──────── Input material
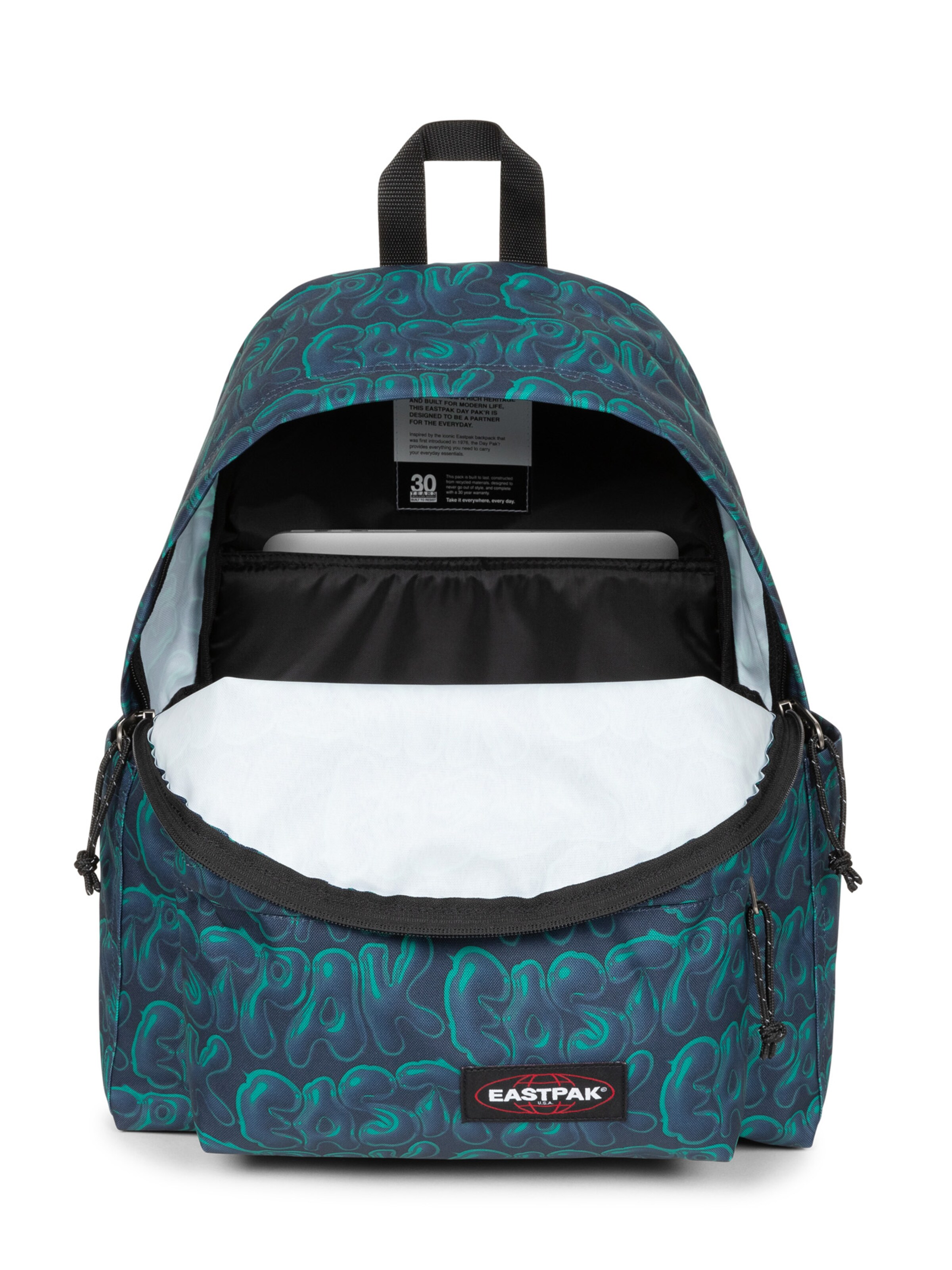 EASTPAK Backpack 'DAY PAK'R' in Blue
────────────────
──────── Input material
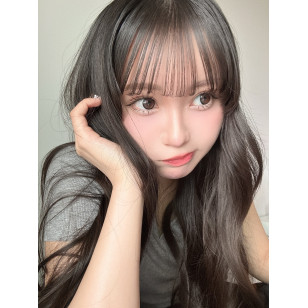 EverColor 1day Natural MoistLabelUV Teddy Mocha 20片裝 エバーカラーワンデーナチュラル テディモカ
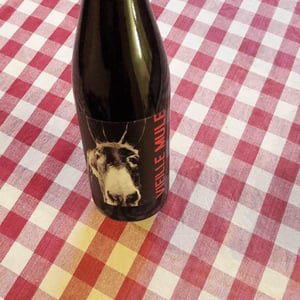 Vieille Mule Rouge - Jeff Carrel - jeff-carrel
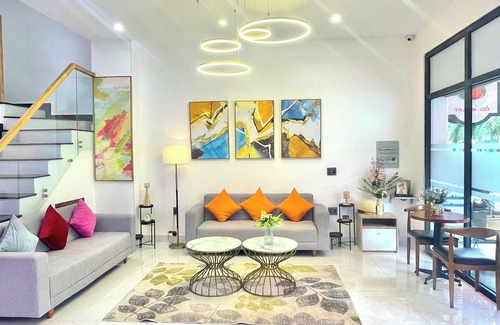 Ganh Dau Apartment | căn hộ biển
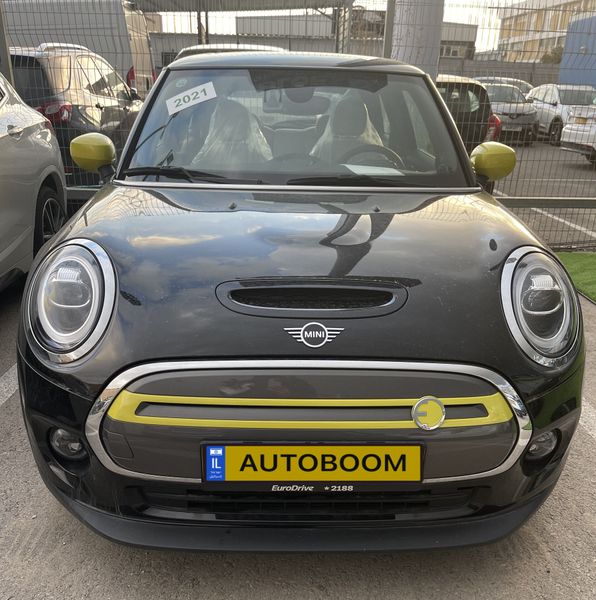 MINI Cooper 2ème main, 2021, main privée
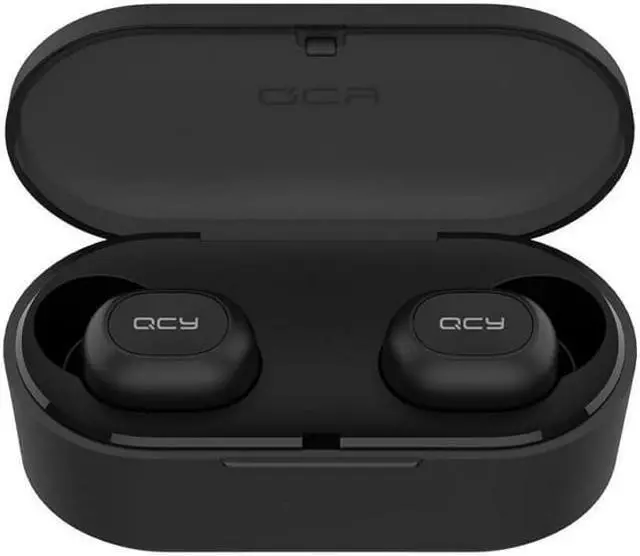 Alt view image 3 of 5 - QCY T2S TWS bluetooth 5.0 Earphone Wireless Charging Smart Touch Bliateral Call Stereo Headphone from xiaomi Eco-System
────────────────
Exercise. Starting with the line that contains "MINI Cooper 2ème main, 2021, main privée" and finishing with the line that contains "Alt view image", reproduce every line of the material above exactly, but not the pictures.

Answer to this problem.
 MINI Cooper 2ème main, 2021, main privée
 Alt view image 3 of 5 - QCY T2S TWS bluetooth 5.0 Earphone Wireless Charging Smart Touch Bliateral Call Stereo Headphone from xiaomi Eco-System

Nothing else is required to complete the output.